Blue White Screen - Background

Background

Molecular cloning is one of the most commonly used procedures in molecular biology. A gene of interest may be inserted into a plasmid vector via ligation, and the plasmid is then transformed into Escherichia coli cells. However, not all the plasmids transformed into cells may contain the desired gene insert and checking each individual colony for the presence of the insert is time-consuming, so a method for the detection of the insert is therefore useful for making this procedure less time and labor intensive. One of the early methods developed for the detection of insert is blue-white screening which allows for identification of successful products of cloning reactions through the colour of the bacterial colony.

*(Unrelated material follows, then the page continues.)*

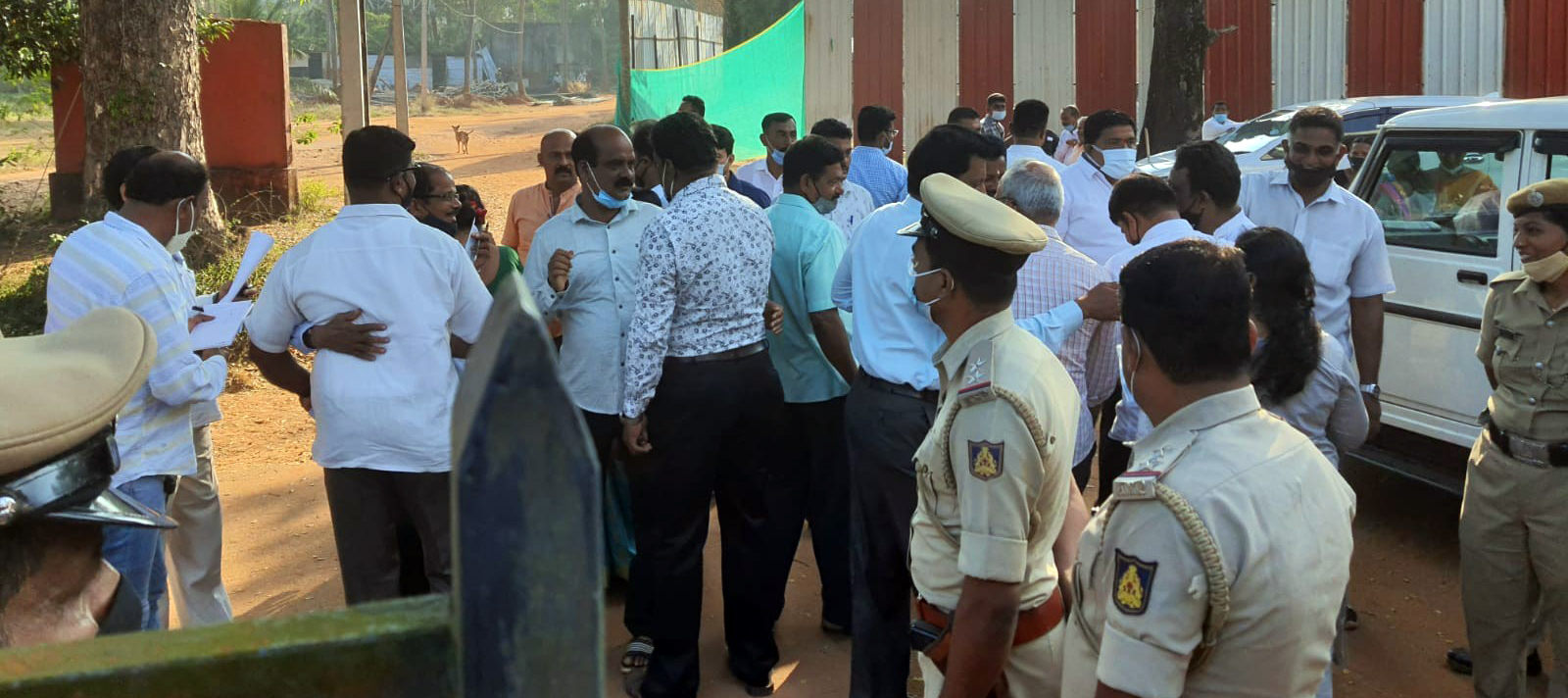 ಬೆಳಗಾವಿ ಜಿಲ್ಲೆಯ ಎಂ.ಕೆ ಹುಬ್ಬಳ್ಳಿ ಪ.ಪಂಚಾಯತ್ ನ 14 ವಾರ್ಡ್ ಗಳಲ್ಲಿಯೂ ಪಕ್ಷೇತರ ಅಭ್ಯರ್ಥಿಗಳಿಗೆ ಗೆಲುವು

The method is based on the principle of α-complementation of the β-galactosidase gene. This phenomenon of α-complementation was first demonstrated in work done by Agnes Ullmann in the laboratory of François Jacob and Jacques Monod, where the function of an inactive mutant β-galactosidase with deleted sequence was shown to be rescued by a fragment of β-galactosidase in which that same sequence, the α-donor peptide, is still intact. Langley et al. showed that the mutant non-functional β-galactosidase was lacking in part of its N-terminus with its residues 11—41 deleted, but it may be complemented by a peptide formed of residues 3—90 of β-galactosidase. M13 filamentous phage containing sequence coding for the first 145 amino acid was later constructed by Messing et al., and α-complementation via the use of a vector was demonstrated by the formation of blue plaques when cells containing the inactive protein were infected by the phage and then grown in plates containing X-gal.

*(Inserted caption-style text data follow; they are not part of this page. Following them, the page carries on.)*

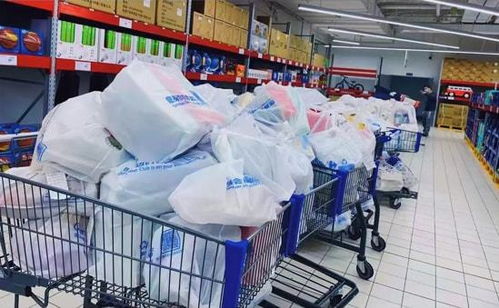 上海16区抗疫保供渠道持续更新，零售与餐饮业加速网点复工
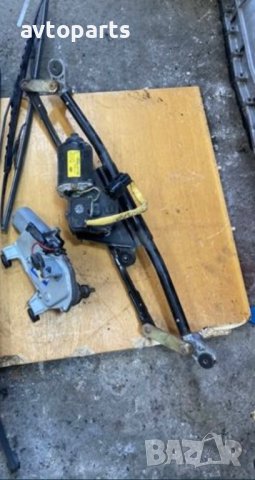 Hyundai santa fe 2007година Мотор предни чистачки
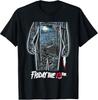 Friday the 13th Original Poster TShirt Unisex T-Shirt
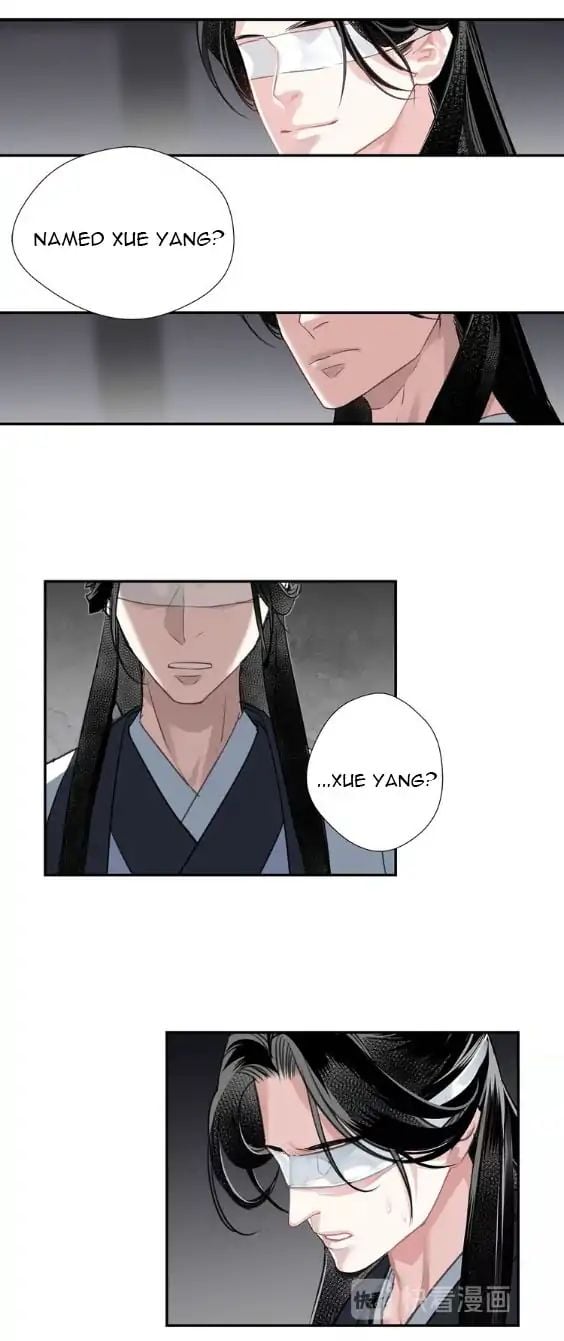 The Grandmaster Of Demonic Cultivation Chapter 102 - page 10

The pUC series of plasmid cloning vectors by Vieira and Messing was developed from the M13 system and were the first plasmids constructed to take advantage of this screening method. In this method, DNA ligated into the plasmid disrupts the α peptide and therefore the complementation process, and no functional β-galactosidase can form. Cells transformed with plasmid containing an insert therefore form white colonies, while cells transformed with plasmid without an insert form blue colonies; result of a successful ligation can thus be easily identified by the white coloration of cells formed from the unsuccessful blue ones.